It’s been a while since I’ve written about the two biggest issues to plague me since becoming a mom: breastfeeding and sleep. I thought maybe it was time for an update.
The last time I wrote about breastfeeding, I had thrush, tooth marks on one nipple, C was nursing every hour (at least) 24/7, and I was about 30 seconds away from a nervous breakdown. Here’s how it all went down:
First off, the magic cure for my two month battle with thrush ended up being a combination of monistat and lotrimin creams. I also made sure I was always wearing a freshly laundered nursing tank or bra and that all pump parts, bottle nipples and pacifiers were sanitized every 2 days. I almost quit nursing because of thrush. That’s how painful it was. I’m so glad I won that battle.
The tooth marks mysteriously disappeared at the same time as the thrush. I’m not sure what that was all about, but whatever the cause, I’m grateful it’s no longer an issue.
My lactation consultant suggested that we start solids two weeks before C was 6 months old to try to alleviate some of the constant nursing. It worked. I don’t have to spend my entire weekend sitting on the couch nursing C. We can now usually go totally respectable intervals without nursing. Although Catch did have to give her a bottle while I was out at the grocery store for 45 minutes a few weeks ago, so it’s not totally foolproof. Still, it’s miles better than it was.
For the first time since Charlotte was born, I am not stressing about breastfeeding. I pump at work. I nurse at home. She gets a bit of formula every day to make up for the shortcomings in my supply. I still take the max dose of Dom along with a few other supplements. It’s all become very routine and peaceful. I can’t help feeling proud that I’m still going.
As I started to write about sleep, I got a text message from Catch that Charlotte doesn’t want to take her afternoon nap. That’s after our nanny posted a joke on Facebook this morning about Charlotte refusing to take her morning nap.
When we left off on sleep, we were in the midst of sleep training via the methods in The Happy Sleeper. I was once again on the verge of a nervous breakdown. Charlotte had been waking up 8-12 times a night. I was so sleep deprived that I was barely functioning.
While naps have started to become a struggle all of a sudden, bedtime is finally working. Most nights, she wakes up 2-3 times, but they’re all in the early hours of the morning. She usually gives us a solid 6 hours on the front end, and then she’s choppy on the back end. Whatever. It is SO MUCH BETTER THAN BEFORE. OMG. I am getting some rest.
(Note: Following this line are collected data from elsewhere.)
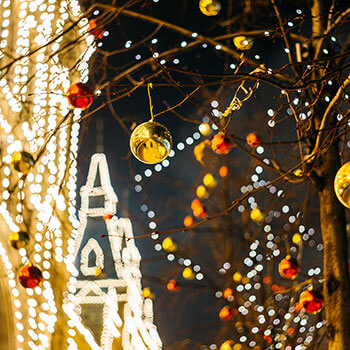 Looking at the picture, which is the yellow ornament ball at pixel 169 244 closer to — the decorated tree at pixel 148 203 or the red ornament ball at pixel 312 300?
the decorated tree at pixel 148 203

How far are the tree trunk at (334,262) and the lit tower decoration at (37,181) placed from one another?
6.04 feet

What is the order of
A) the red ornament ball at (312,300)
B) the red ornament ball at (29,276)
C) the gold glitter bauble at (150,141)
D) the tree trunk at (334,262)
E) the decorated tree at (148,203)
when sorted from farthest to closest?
the decorated tree at (148,203), the red ornament ball at (29,276), the red ornament ball at (312,300), the tree trunk at (334,262), the gold glitter bauble at (150,141)

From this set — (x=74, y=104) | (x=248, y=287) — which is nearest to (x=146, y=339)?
(x=248, y=287)

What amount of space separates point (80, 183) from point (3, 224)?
0.66 m

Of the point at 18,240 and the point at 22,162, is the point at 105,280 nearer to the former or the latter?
the point at 18,240

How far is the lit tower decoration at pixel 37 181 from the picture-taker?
11.2 ft

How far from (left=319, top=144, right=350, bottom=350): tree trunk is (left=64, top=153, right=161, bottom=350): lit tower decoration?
5.23 ft

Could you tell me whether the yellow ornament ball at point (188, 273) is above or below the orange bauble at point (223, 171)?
below

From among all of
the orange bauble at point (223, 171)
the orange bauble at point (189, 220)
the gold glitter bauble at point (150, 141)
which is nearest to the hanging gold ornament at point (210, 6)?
the gold glitter bauble at point (150, 141)

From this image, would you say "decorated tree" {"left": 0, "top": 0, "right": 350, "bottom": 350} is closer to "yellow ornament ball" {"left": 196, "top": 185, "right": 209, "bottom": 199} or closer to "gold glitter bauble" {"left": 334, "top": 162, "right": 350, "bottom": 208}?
"yellow ornament ball" {"left": 196, "top": 185, "right": 209, "bottom": 199}

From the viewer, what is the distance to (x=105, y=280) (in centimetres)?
349

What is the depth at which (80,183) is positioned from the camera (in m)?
3.65

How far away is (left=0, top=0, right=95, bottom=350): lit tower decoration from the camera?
3.41m

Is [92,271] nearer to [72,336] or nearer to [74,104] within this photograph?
[72,336] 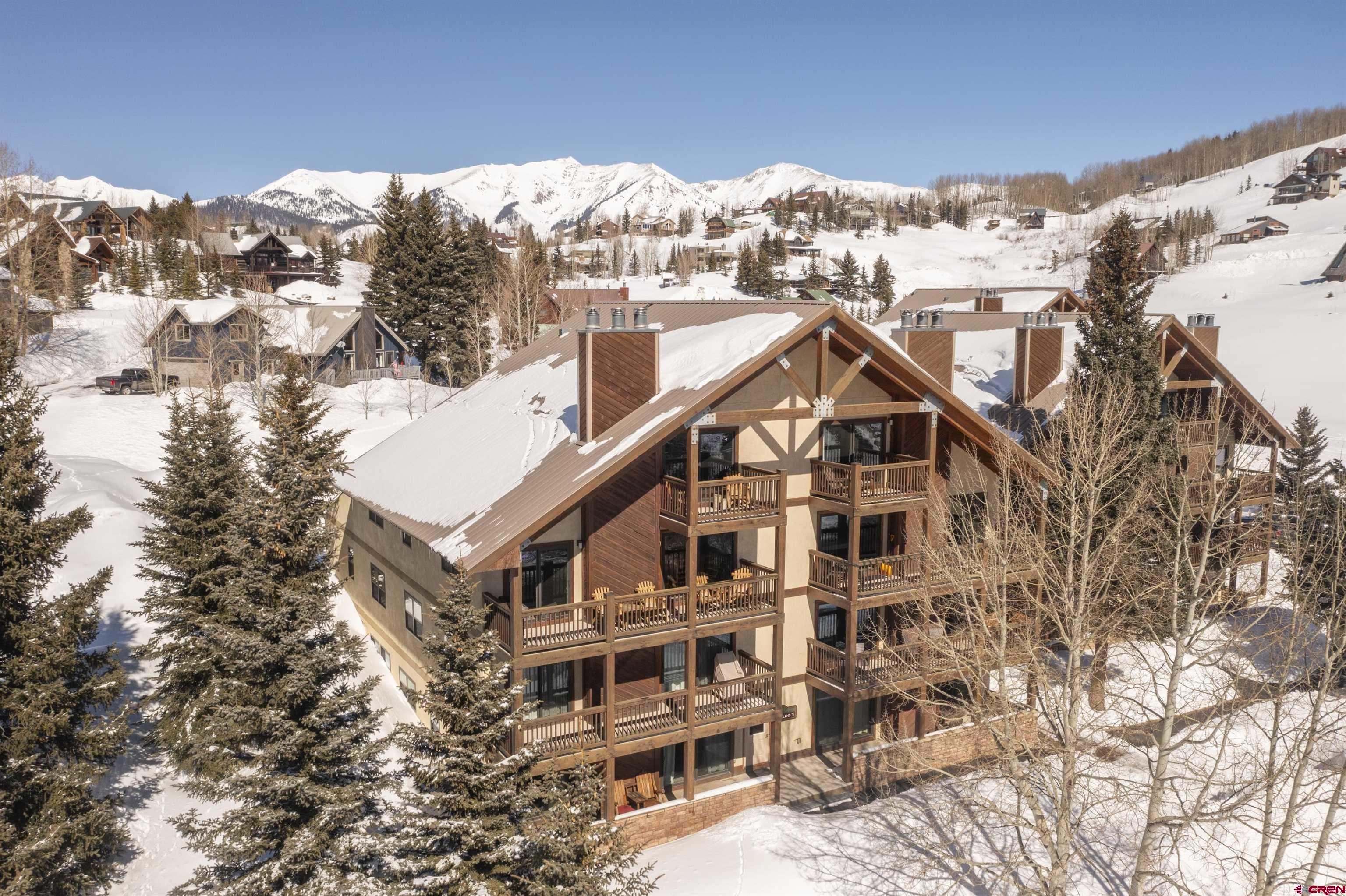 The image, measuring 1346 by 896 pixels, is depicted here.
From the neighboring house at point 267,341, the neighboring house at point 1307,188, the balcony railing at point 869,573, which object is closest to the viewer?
the balcony railing at point 869,573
It’s not perfect, but it’s still AMAZING compared to two months ago.
On Sunday night, she slept for NINE AND A HALF HOURS straight. I didn’t even know that was possible. Seriously.
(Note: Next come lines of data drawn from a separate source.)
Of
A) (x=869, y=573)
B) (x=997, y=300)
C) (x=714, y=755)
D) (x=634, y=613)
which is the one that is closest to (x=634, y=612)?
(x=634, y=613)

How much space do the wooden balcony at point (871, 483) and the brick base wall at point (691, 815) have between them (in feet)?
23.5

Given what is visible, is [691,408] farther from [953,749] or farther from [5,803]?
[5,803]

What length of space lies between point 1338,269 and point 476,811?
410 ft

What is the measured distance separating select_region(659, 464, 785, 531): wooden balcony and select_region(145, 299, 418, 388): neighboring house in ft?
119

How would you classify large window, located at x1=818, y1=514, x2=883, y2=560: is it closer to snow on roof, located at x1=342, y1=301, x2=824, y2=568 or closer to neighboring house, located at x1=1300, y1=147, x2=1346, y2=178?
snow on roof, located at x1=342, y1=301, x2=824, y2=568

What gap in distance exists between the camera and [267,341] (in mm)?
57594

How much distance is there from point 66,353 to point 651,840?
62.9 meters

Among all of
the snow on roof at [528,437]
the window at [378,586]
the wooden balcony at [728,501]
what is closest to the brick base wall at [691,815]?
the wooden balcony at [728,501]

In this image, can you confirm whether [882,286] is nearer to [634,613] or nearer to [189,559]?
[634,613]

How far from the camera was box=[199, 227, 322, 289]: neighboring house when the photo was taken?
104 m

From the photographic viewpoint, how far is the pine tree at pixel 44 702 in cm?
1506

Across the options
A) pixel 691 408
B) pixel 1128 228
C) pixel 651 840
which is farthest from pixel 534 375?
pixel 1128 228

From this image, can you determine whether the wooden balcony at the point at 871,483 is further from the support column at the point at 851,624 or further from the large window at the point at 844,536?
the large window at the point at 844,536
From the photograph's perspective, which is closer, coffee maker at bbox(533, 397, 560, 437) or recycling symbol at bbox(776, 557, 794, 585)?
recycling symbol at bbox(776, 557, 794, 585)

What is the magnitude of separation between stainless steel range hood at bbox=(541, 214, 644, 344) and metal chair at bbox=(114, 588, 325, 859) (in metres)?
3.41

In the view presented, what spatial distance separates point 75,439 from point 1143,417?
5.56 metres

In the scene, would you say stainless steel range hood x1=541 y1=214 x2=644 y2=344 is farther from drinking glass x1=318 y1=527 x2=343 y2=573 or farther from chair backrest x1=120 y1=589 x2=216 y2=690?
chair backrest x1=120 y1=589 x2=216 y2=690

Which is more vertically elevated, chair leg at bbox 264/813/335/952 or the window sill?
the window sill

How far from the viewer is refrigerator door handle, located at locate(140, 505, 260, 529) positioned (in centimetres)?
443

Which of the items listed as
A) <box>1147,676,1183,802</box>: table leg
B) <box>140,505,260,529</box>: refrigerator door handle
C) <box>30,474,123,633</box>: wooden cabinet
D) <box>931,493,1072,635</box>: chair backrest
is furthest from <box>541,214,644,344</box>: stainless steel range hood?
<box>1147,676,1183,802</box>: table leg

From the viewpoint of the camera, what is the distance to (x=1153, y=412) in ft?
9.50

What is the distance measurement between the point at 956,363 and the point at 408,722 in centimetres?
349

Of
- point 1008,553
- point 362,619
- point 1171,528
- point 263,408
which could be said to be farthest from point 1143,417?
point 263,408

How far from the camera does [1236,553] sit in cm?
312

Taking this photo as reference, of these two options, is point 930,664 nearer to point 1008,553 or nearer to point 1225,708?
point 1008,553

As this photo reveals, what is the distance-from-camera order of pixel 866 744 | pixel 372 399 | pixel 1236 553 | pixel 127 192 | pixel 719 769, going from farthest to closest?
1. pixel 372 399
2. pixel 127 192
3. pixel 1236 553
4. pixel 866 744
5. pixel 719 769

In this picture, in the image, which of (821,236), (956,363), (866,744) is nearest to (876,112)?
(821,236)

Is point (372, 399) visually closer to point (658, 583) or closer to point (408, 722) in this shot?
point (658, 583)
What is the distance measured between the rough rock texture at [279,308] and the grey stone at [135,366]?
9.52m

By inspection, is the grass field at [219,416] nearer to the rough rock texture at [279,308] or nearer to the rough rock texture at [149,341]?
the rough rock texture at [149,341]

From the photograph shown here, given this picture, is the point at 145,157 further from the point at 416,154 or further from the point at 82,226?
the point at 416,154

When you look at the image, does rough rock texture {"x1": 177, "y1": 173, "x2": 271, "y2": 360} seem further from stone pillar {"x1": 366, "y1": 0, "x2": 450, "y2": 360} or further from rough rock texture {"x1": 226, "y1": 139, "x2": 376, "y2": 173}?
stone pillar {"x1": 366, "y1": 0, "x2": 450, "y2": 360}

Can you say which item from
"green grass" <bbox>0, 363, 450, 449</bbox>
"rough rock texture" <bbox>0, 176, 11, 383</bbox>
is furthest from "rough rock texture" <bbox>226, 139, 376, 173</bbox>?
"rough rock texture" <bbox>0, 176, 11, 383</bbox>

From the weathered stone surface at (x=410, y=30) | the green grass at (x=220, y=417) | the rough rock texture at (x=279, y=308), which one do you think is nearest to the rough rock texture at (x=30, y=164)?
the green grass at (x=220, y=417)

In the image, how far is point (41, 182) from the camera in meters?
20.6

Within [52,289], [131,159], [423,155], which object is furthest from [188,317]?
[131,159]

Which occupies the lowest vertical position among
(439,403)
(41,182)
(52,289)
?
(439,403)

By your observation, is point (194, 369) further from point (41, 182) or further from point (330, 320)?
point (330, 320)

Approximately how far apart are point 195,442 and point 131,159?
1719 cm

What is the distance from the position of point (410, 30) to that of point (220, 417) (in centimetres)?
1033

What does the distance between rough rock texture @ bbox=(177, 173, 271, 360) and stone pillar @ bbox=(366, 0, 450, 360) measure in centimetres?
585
I have mixed feelings about her sleeping in her room. On one hand, it’s so nice to be able to move around in our bedroom without worrying about making noise or turning on lights. On the other hand, it feels like she’s so far away and I really miss her at night. When I get up to nurse her in the night, I often find myself snuggling her for just a few extra minutes just because. Of course, if I think back two months ago to how I used to cry out of frustration when she would wake (every 45 minutes) to nurse, missing her is actually sort of refreshing. It’s pretty amazing when you can be happy to see your kid at 2 am.
The Happy Sleeper changed my life. I’m not even exaggerating. As hard as it was and as much as I fought with myself about it, it was worth it in the end. I feel like I’m able to be a better mom now, and you can’t put a price on that.
Charlotte is 7 months old now, but I feel like 6 months was a major turning point for us. Having both parents working full time jobs outside the home is no joke. That’s enough hard all on its own without adding in bonus challenges. Things are so much easier right now, and boy did we need the break.
I don’t think I ever shared her 7 month picture on the blog. Can you believe how she’s grown? I can’t even wrap my head around it.